When Paulo Amaral started his job as winemaker and vine manager at the José de Sousa winery in Portugal’s Alentejo region, he thought that it was impossible to produce wine in clay pots. “I was trained to produce the cleanest, most flawless wines possible using the most modern techniques,” the winemaker recalls. “And all of a sudden I was supposed to throw all my acquired knowledge overboard.”
Amaral is from northern Portugal. If he were from Alentejo, he would have been familiar with the mighty clay pots that can still be found in a number of wineries, taverns and private houses in the region east of Lisbon. “It’s a way of winemaking that goes back to the Roman times,” Amaral explains but right now couldn’t be more contemporary. That might be less than the 8,000-year-old wine tradition of Georgia, the motherland of viticulture, but we’re still talking 2,000 years of history. The tradition you may have heard as a buzzword amongst the savviest wine drinkers right now as amphora.

After many centuries, the use of talhas, as the vessels are called in Portugal, decreased starting in the late 1900s. More winegrowers switched to gleaming steel tanks with controlled temperatures, selected yeasts and to all the other modern aids that are par for the course in contemporary ‘conventional’ viticulture.
It was these techniques that enabled the wines of the Alentejo to make a huge leap in quality and recognition in recent years. For decades, this sparsely populated region, with its exceptionally hot summers and surprisingly brisk winters, was known for simple wines that were served in large quantities and at low prices in local taverns. However, local winemakers have managed to improve the wines in recent years, polishing their image like so many regions once considered undesirable and now covetable.

But the tide has turned once again. Today, a growing number of wine drinkers are demanding the original and unusual. Old-school, technology-free production methods garnish the kind of rarity bragging rights that power the modern wine world. As a result, many Alentejo producers have rediscovered the old clay vessels and a tradition is reborn.
Of course, the global hype for the Georgian amphorae, the so-called kvevri, played a huge part. “The Georgians inspired winemakers all over the world to make wines in amphorae, even in regions without any practice in that matter, thus it was obvious that we should revive our tradition.” says Amaral as he walks across the courtyard of the picturesque wine estate with its blue-edged white buildings.
In one of them is the winery’s showpiece: a vaulted room set a few meters below ground, filled with over 100 clay vessels of all sizes, the largest of which are two meters high. It is an impressive sight, like an urn-filled burial chamber. “They have been standing here since 1878,” says Amaral.

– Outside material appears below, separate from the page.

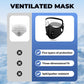 🏍️ LIMITED-TIME 50% OFF! ✨ Windproof Motorcycle Mask & Goggles – Anti-UV, 5-Layer Filter, Adjustable 🔧
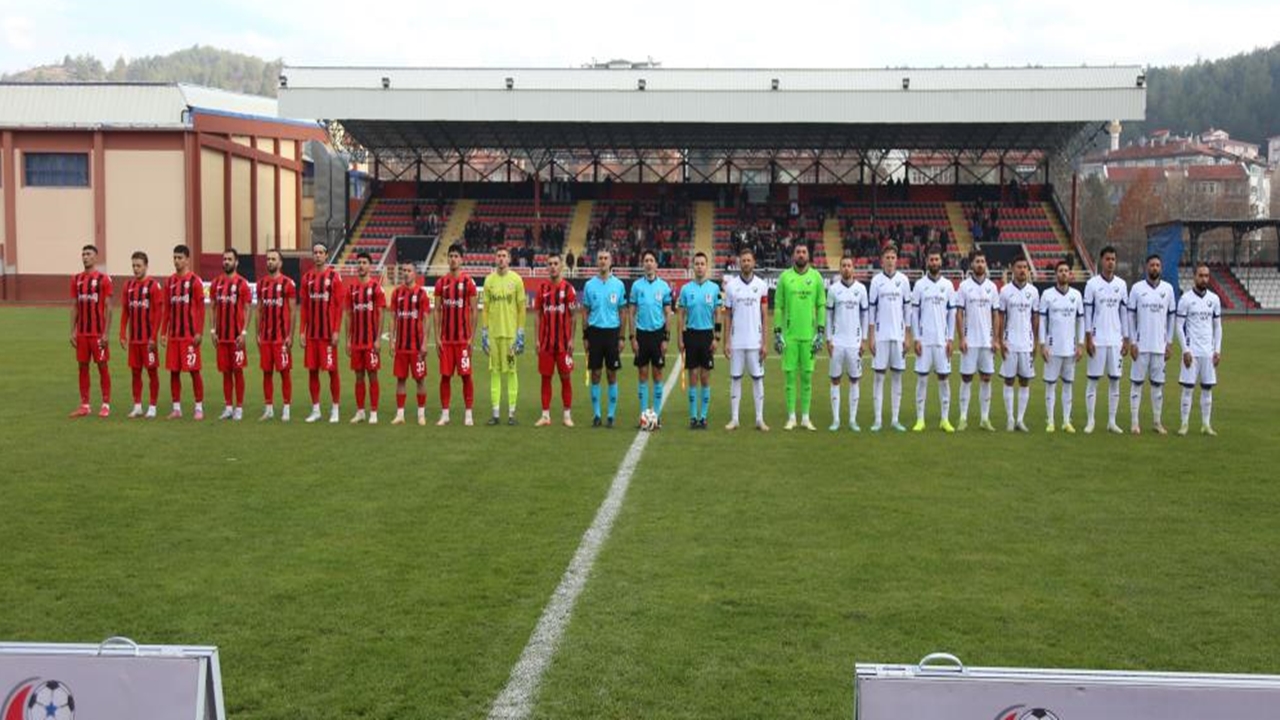 Gmg Kastamonuspor Karacabey Karşılaşması (5)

In order to carry the Vinho de Talha Denomination of Origin (DOC) the grapes must be destemmed after the late-August harvest before being placed in the talha, where they ferment spontaneously and remain in the must until mid-November. That's all there is to it. After that, the wines are ready for drinking. Some of them are left to mature even longer and are placed in other talhas, which are sealed with olive oil to prevent the effects of oxygen. “The most amazing thing for me was that this actually works and prevents defects,” says Amaral. “The olive oil and the destemming are the main differences to the Georgian kvevri, in which the berries ferment together with the stalk and are sealed with clay. Moreover, Georgian wines remain much longer on the must.”